I have to estimate the error when I approximate the function $$e^{\sin x}$$ to $$1+x+x^{2}+x^{3}$$ when $|x|<0.1$.

I really don't know how to do because my teacher didn't teach me. But what I did it was: I found the Taylor's polynom of $e^{\sin x}$ for $a=0$: $$T_{0}(x)=f(0)+f'(0)(x-0)+\frac{f''(0)}{2!}(x-0)^{2}+\frac{f'''(0)}{3!}(x-0)^{3}$$ then $$T_{0}(x)=1+x+\frac{1}{2}x^{2}$$ My question is: until here, is that the right way to solve it? If yes, what should I do now? How I use the fact that $|x|<0.1$? If it is wrong, where can I find some solved example to understand it?

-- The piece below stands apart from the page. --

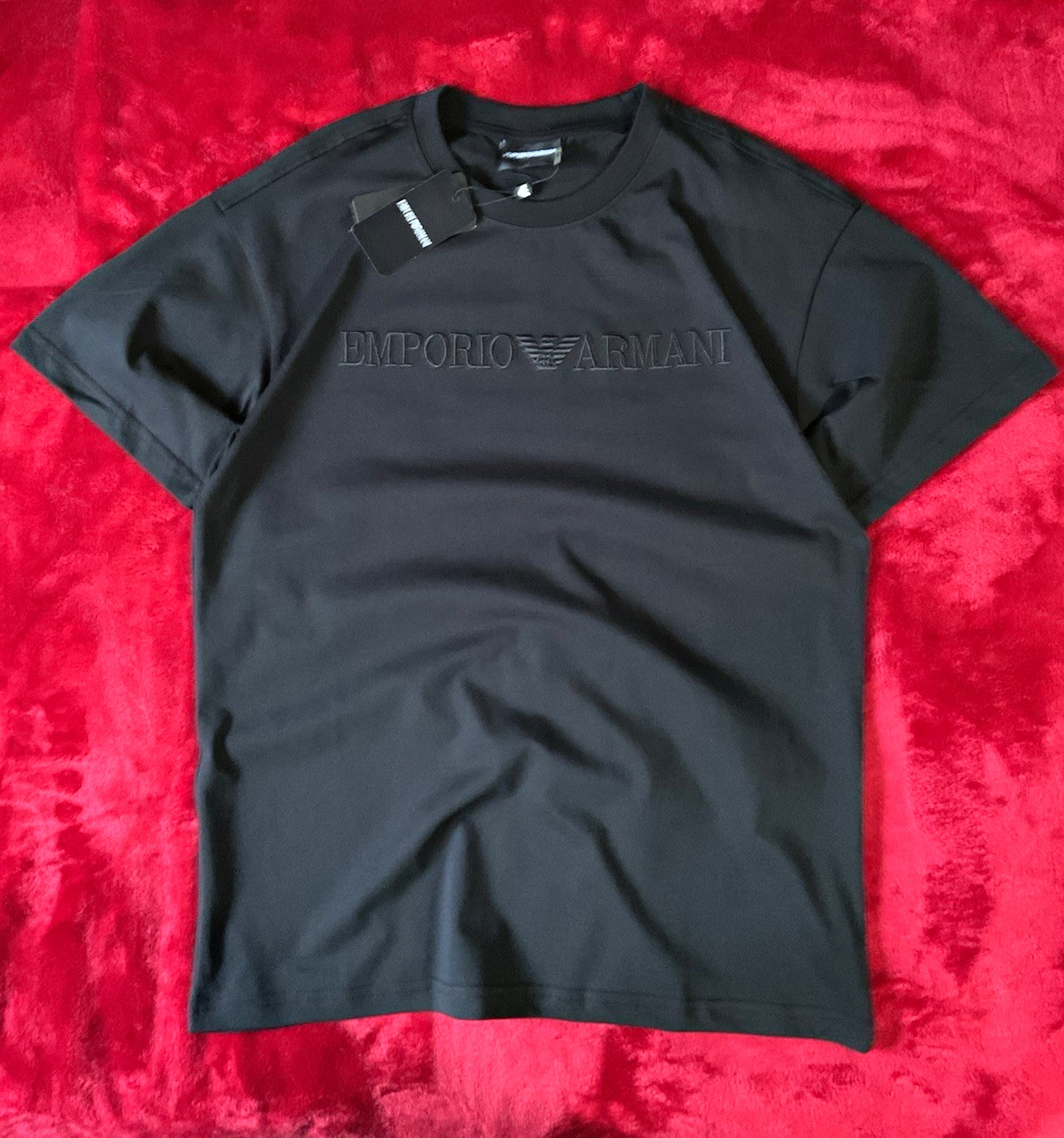 Emporio Armani Men\'s Embroidery Black Logo Cotton Crew Neck TShirt M,L Available Emporio Armani Men\'s Embroidery Black Logo Cotton Crew Neck TShirt M,L Available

I didn't find anything good on google.

Answer 1

The Taylor expansion of $\exp\sin x$ around zero is $1+x+x^{2}/2+O(x^{4})$. Therefore, the error is \begin{align*} \left|\exp\sin x-(1+x+x^{2}+x^{3})\right| & =\left|-x^{2}/2+O(x^{3})\right|\\ & \leq|x^{2}|/2+|O(x^{3})|\\ & \approx|x^{2}|/2 & \text{for }|x|\text{ small}. \end{align*}

Answer 2

As you noted the Taylor series for $f(x) = e^x$ is $f(x) \approx 1 + x + \frac{x^2}{2} + \frac{x^3}{6}$. Now plug in $\sin x$ and use the fact that for values close to $x$ we have $\sin x \approx x$. So we have:

$$e^{\sin x} \approx 1 + x + \frac{x^2}{2} + \frac{x^3}{6}$$

Now the error of the first approximation is around $\frac{x^2}{2} + \frac{5x^3}{6}$. Use the fact that $\mid x \mid \le 0.1$ and plug it into the estimation to get the numerical approximation of the error.